■ **WHAT YOU ARE ASKED TO DO**
Reproduce the following data exactly, minus any images.

■ **PROVIDED MATERIAL**
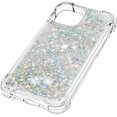 thumbnail image 6 of Compatible with iPhone 13 Mini Case Glitter Luxury Cute Love Liquid Quicksand Clear Soft TPU Girls Women Stylish Bumper Shockproof Protective Case for iPhone 13 Mini 5.4 inch Sliver YB, 6 of 12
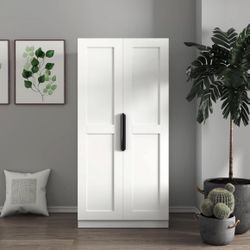 New Assembled kitchen Pantry Cabinet 31.5"X 21.65"Х 63" White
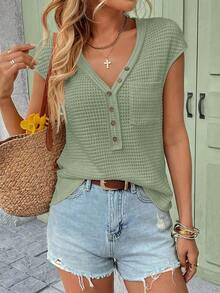 Camiseta de punto de gofre de cuello en V sólido, de manga corta, casual para primavera y verano - Verde - Ver 4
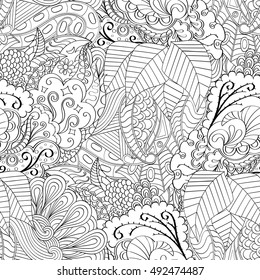 Tracery seamless calming pattern. Mehndi design. Ethnic monochrome binary doodle texture. Curved doodling black and white background. Vector.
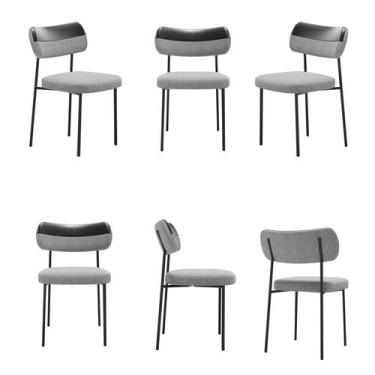 Imagem de Kit 6 Cadeiras Lia Jantar Gourmet material sintético e Linho Aço Carbo
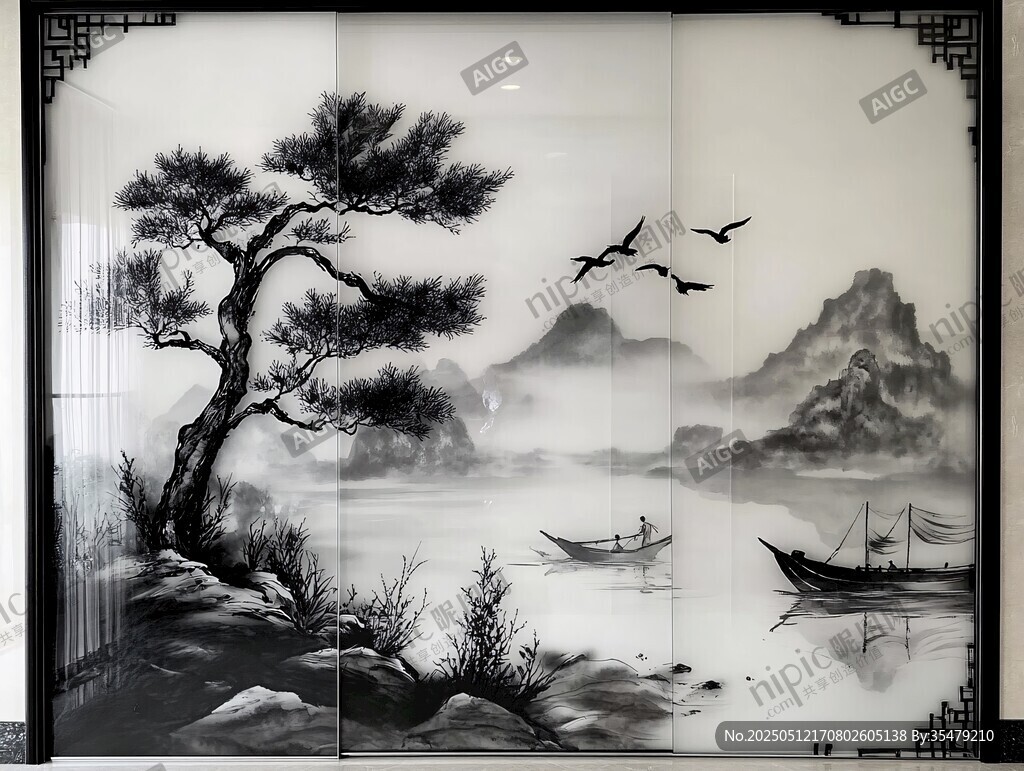 中式山水屏風(fēng) 意境悠遠(yuǎn)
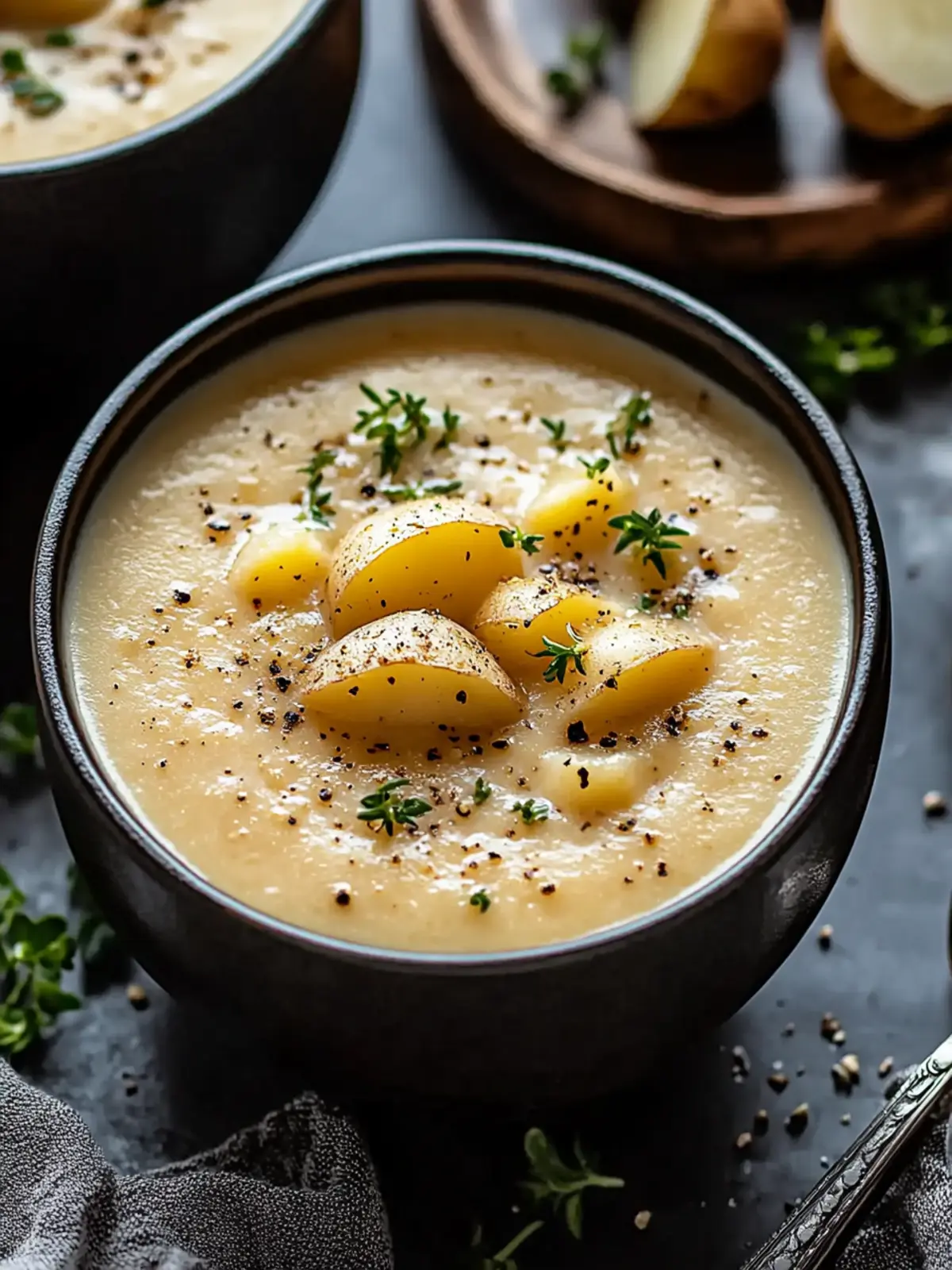 Hearty Cheddar Garlic Herb Potato Soup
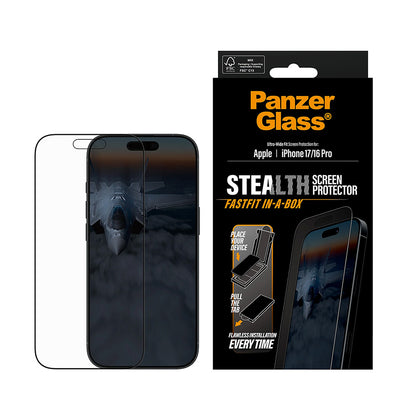 Film de protection d'écran PanzerGlass Ultra-Wide Fit Stealth Fastfit pour Apple iPhone 17 / 16 Pro, Verre Trempé, Full Glue, Noir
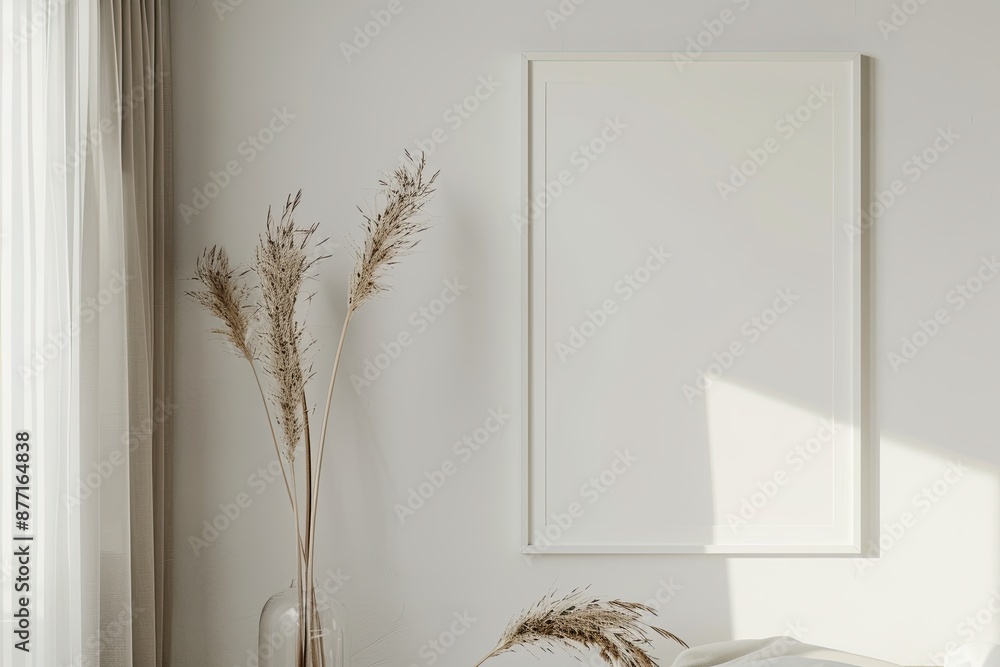 Poster white rectangular vertical frame hanging on a white wall mockup. clear design mock up template refle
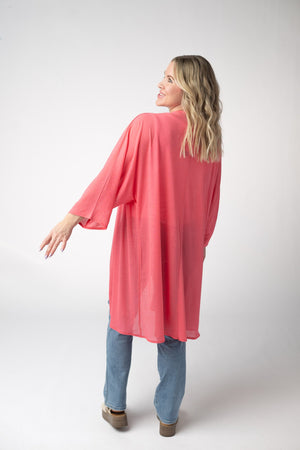 PREBOOK Ellie Cover-Up Kimono - Sunkissed Coral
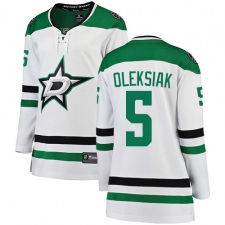 Women's Dallas Stars #5 Jamie Oleksiak Authentic White Away Fanatics Branded Breakaway NHL Jersey
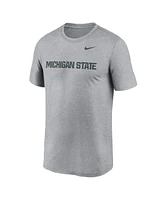 Nike Men's Heather Gray Michigan State Spartans Primetime Legend Wordmark T-Shirt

■ **ANSWER TO THIS PROBLEM**
 thumbnail image 6 of Compatible with iPhone 13 Mini Case Glitter Luxury Cute Love Liquid Quicksand Clear Soft TPU Girls Women Stylish Bumper Shockproof Protective Case for iPhone 13 Mini 5.4 inch Sliver YB, 6 of 12
 New Assembled kitchen Pantry Cabinet 31.5"X 21.65"Х 63" White
 Camiseta de punto de gofre de cuello en V sólido, de manga corta, casual para primavera y verano - Verde - Ver 4
 Tracery seamless calming pattern. Mehndi design. Ethnic monochrome binary doodle texture. Curved doodling black and white background. Vector.
 Imagem de Kit 6 Cadeiras Lia Jantar Gourmet material sintético e Linho Aço Carbo
 中式山水屏風(fēng) 意境悠遠(yuǎn)
 Hearty Cheddar Garlic Herb Potato Soup
 Film de protection d'écran PanzerGlass Ultra-Wide Fit Stealth Fastfit pour Apple iPhone 17 / 16 Pro, Verre Trempé, Full Glue, Noir
 Poster white rectangular vertical frame hanging on a white wall mockup. clear design mock up template refle
 PREBOOK Ellie Cover-Up Kimono - Sunkissed Coral
 Women's Dallas Stars #5 Jamie Oleksiak Authentic White Away Fanatics Branded Breakaway NHL Jersey
 Nike Men's Heather Gray Michigan State Spartans Primetime Legend Wordmark T-Shirt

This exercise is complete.